Aditya Suharmoko, The Jakarta Post, Jakarta
Business players have demanded the government immediately provide certainty on its fiscal policy as they struggle to formulate business plans amid global market pressures.
Speaking at a discussion held by the central bank Wednesday, Indonesian Employers Association (Apindo) chairman Sofyan Wanandi said it was crucial the government be concerned about rising global oil prices that may stretch fuel subsidies.
"The government better not make only promises, so we can be certain in planning our businesses," Sofyan said.
Sofyan said if the government could not be firm in determining its fiscal policy, businesses might collapse and lead to increasing unemployment.
"Small and medium businesses have closed their enterprises, while in the (1997) crisis they were the ones that held the economy together," he said.
After calculating the rise in global oil prices, the government earlier this month wrapped up the revision of the 2008 state budget -- normally carried out at the beginning of the second semester.

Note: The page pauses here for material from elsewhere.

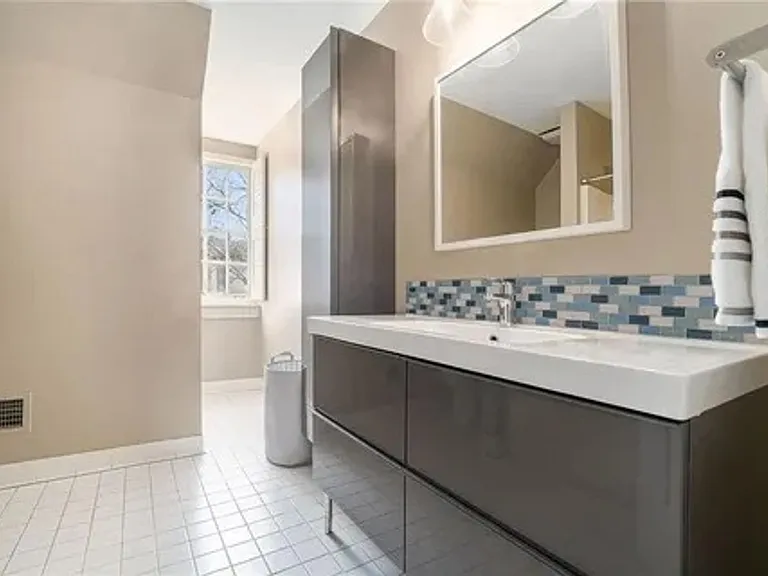 2368 Elon Way — Photo 17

In the revised budget, the government estimated the Indonesian Crude Price (ICP) -- the country's benchmark oil price -- at US$95 a barrel, up from $60 a barrel in the first 2008 state budget.

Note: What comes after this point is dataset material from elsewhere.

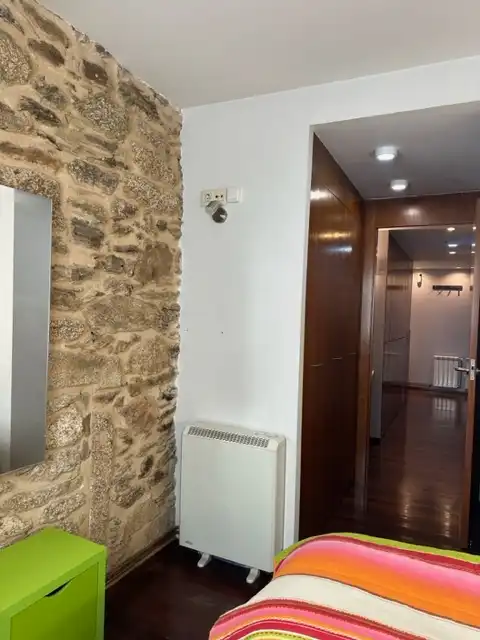 Wohnungen zur Miete in Santiago de Compostela  mit Heizung, Privatgarten und Parkett
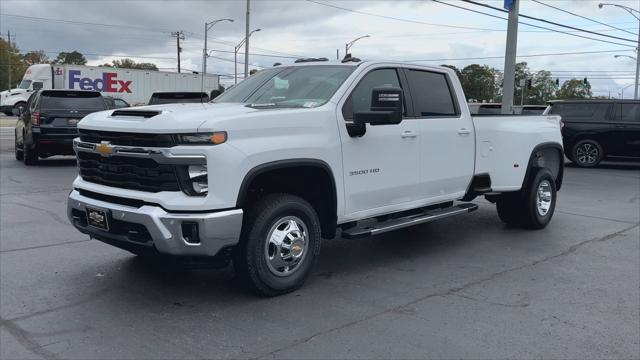 new 2025 Chevrolet Silverado 3500 car, priced at $72,602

Under the new oil price assumption, the planned fuel subsidies rose from Rp 42 trillion ($4.5 billion) to Rp 126.82 trillion, about 12 percent of the government's Rp 987.48 trillion total spending.
A provision in the budget says the government is allowed under the law to cut fuel subsidies if the ICP price exceeds an average of $100 a barrel and the total annual consumption is estimated to go beyond 37 million kiloliters.
The average ICP price in the fist quarter already stood at $103.10 a barrel. On Wednesday, the crude oil price for June delivery was priced at $117.12 a barrel in New York, according to Bloomberg.
Despite the growing pressure on the state budget, the government has yet to decide whether it will lift the subsidies and raise fuel prices.
Indonesian Chamber of Commerce and Industry (Kadin) chairman M.S. Hidayat said the market was now evaluating all the assumptions stated in the revised budget.
"The main problem is the rise in oil prices," said Hidayat.
However, he said the government had promised to be serious in calculating the impact of oil prices on businesses.
The World Bank has also criticized the government for continuing the subsidies despite evidence they only benefit car users with higher monthly spending capacities.
WB country director Joachim von Amsberg said the fuel subsidy had been poorly targeted, would only promote consumption and would not help the poor, adding that he questioned the subsidy figure that was two-and-a-half times higher than allocations for investment in social development.
The Finance Minister told reporters after a meeting with the central bank that Indonesia could still withstand external shocks coming from the rise in global oil and commodity prices.
Finance Ministry head of fiscal policy (BKF) Anggito Abimanyu said the government had conducted simulations to prepare for a worst-case scenario if the oil prices kept increasing.
"We also have a team whose job is mitigating fiscal risks," said Anggito.
He said the government had a policy to cap fuel subsidies at a certain amount so the state budget would not be overburdened by subsidies.